* **Activity**
Only certain lines below are wanted: those starting at the line containing "Building Photo - CLOSE TO UNIVERSITY" and ending at the line containing "Piazza de' Signori di carto", both included, each retyped exactly.

* **Data records**
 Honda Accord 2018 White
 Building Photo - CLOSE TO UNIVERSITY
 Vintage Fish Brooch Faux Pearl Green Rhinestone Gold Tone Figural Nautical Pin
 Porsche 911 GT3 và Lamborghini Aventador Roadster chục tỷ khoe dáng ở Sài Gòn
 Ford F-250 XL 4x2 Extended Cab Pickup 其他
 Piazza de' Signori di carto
---
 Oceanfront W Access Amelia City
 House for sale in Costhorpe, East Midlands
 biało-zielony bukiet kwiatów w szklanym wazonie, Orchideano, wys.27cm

* **Written answer**
 Building Photo - CLOSE TO UNIVERSITY
 Vintage Fish Brooch Faux Pearl Green Rhinestone Gold Tone Figural Nautical Pin
 Porsche 911 GT3 và Lamborghini Aventador Roadster chục tỷ khoe dáng ở Sài Gòn
 Ford F-250 XL 4x2 Extended Cab Pickup 其他
 Piazza de' Signori di carto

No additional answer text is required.